Collected data
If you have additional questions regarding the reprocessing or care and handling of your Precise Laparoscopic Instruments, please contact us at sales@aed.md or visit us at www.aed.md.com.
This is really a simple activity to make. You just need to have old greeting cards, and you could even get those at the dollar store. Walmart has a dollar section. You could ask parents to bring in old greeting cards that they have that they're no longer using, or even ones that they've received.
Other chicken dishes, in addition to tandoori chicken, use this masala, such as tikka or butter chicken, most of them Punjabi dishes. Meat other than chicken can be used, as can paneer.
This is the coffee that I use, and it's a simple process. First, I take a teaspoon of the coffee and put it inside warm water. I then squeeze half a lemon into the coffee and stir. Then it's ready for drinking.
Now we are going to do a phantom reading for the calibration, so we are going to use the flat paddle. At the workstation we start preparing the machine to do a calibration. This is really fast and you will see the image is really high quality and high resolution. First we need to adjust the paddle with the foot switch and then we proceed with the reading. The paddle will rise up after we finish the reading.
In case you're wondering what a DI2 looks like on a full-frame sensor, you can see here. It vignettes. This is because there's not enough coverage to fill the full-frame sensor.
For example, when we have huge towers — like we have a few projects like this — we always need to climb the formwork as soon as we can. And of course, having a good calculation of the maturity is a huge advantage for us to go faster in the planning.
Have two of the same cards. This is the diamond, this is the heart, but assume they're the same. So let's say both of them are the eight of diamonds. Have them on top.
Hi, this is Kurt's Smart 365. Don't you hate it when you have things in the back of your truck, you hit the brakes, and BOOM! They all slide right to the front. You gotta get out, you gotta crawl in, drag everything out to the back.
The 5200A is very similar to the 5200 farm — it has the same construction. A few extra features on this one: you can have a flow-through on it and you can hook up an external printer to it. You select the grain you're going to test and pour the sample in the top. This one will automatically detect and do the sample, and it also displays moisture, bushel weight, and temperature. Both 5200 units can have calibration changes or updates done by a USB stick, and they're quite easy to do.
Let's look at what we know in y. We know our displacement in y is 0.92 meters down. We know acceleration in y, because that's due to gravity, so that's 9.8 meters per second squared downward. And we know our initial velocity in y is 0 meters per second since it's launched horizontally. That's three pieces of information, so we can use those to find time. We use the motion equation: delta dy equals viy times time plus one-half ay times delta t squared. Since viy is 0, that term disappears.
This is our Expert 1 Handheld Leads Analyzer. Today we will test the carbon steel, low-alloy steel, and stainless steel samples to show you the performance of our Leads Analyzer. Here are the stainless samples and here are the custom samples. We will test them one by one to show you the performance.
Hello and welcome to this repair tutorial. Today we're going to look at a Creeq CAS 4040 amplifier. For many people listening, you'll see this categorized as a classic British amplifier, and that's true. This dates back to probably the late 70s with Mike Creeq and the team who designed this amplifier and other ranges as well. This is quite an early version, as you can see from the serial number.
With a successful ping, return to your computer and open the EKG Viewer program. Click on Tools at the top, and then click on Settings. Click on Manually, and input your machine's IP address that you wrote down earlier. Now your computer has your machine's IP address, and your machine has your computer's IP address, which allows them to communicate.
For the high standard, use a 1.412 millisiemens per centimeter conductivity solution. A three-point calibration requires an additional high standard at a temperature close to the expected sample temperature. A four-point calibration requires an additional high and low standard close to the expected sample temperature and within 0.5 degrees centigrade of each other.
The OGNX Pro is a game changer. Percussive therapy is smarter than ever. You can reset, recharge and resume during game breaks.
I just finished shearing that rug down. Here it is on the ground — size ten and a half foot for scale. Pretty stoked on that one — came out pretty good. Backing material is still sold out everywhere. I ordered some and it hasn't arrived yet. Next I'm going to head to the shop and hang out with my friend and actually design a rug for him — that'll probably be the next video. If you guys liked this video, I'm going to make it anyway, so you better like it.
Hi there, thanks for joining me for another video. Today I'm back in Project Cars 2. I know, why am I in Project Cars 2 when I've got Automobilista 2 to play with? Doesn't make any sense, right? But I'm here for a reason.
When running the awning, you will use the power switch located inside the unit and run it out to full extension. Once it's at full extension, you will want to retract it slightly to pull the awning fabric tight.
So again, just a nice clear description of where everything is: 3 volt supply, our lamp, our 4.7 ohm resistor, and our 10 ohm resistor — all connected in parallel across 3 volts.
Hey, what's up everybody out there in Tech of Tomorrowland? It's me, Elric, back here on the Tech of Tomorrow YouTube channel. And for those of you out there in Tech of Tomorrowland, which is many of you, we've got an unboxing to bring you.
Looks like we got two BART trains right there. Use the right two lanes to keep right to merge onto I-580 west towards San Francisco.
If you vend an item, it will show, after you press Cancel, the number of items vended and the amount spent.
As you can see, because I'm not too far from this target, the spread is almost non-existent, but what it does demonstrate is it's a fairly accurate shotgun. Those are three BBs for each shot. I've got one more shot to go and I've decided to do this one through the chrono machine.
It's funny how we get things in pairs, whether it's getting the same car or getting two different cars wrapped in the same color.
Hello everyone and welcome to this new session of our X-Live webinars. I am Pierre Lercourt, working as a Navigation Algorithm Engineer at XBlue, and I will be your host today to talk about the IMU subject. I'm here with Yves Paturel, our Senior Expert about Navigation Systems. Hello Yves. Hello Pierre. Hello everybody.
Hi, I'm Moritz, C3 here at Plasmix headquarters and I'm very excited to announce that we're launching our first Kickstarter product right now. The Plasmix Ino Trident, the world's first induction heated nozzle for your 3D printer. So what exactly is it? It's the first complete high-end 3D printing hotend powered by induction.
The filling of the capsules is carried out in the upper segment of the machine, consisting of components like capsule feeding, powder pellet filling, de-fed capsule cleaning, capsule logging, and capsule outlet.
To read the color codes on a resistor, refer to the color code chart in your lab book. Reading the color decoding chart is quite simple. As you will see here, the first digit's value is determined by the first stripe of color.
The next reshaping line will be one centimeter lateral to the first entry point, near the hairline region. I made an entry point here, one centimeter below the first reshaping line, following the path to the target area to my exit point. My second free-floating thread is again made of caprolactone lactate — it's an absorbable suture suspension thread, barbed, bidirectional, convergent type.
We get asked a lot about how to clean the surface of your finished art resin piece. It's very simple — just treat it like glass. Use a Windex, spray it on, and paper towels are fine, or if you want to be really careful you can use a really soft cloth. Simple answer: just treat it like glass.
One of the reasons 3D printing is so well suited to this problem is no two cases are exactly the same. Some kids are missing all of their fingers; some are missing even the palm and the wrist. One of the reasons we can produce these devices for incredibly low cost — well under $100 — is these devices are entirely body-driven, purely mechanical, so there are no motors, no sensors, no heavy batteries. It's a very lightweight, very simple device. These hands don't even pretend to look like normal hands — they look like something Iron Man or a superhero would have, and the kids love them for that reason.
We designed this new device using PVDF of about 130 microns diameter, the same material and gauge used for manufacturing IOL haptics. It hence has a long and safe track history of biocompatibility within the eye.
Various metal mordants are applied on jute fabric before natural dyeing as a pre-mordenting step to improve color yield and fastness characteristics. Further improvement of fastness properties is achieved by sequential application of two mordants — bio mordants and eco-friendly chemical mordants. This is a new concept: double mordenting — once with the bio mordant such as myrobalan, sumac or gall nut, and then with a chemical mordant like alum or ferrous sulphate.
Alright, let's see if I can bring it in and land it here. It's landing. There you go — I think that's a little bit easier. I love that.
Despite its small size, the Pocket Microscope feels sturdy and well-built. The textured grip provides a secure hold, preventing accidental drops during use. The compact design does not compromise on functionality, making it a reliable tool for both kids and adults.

▸ **WORK ITEM**:
Print exactly the lines above from the one with "Hi, this is" to the one with "Let's look at", including both.

▸ **RESULT FOR THIS TASK**:
Hi, this is Kurt's Smart 365. Don't you hate it when you have things in the back of your truck, you hit the brakes, and BOOM! They all slide right to the front. You gotta get out, you gotta crawl in, drag everything out to the back.
The 5200A is very similar to the 5200 farm — it has the same construction. A few extra features on this one: you can have a flow-through on it and you can hook up an external printer to it. You select the grain you're going to test and pour the sample in the top. This one will automatically detect and do the sample, and it also displays moisture, bushel weight, and temperature. Both 5200 units can have calibration changes or updates done by a USB stick, and they're quite easy to do.
Let's look at what we know in y. We know our displacement in y is 0.92 meters down. We know acceleration in y, because that's due to gravity, so that's 9.8 meters per second squared downward. And we know our initial velocity in y is 0 meters per second since it's launched horizontally. That's three pieces of information, so we can use those to find time. We use the motion equation: delta dy equals viy times time plus one-half ay times delta t squared. Since viy is 0, that term disappears.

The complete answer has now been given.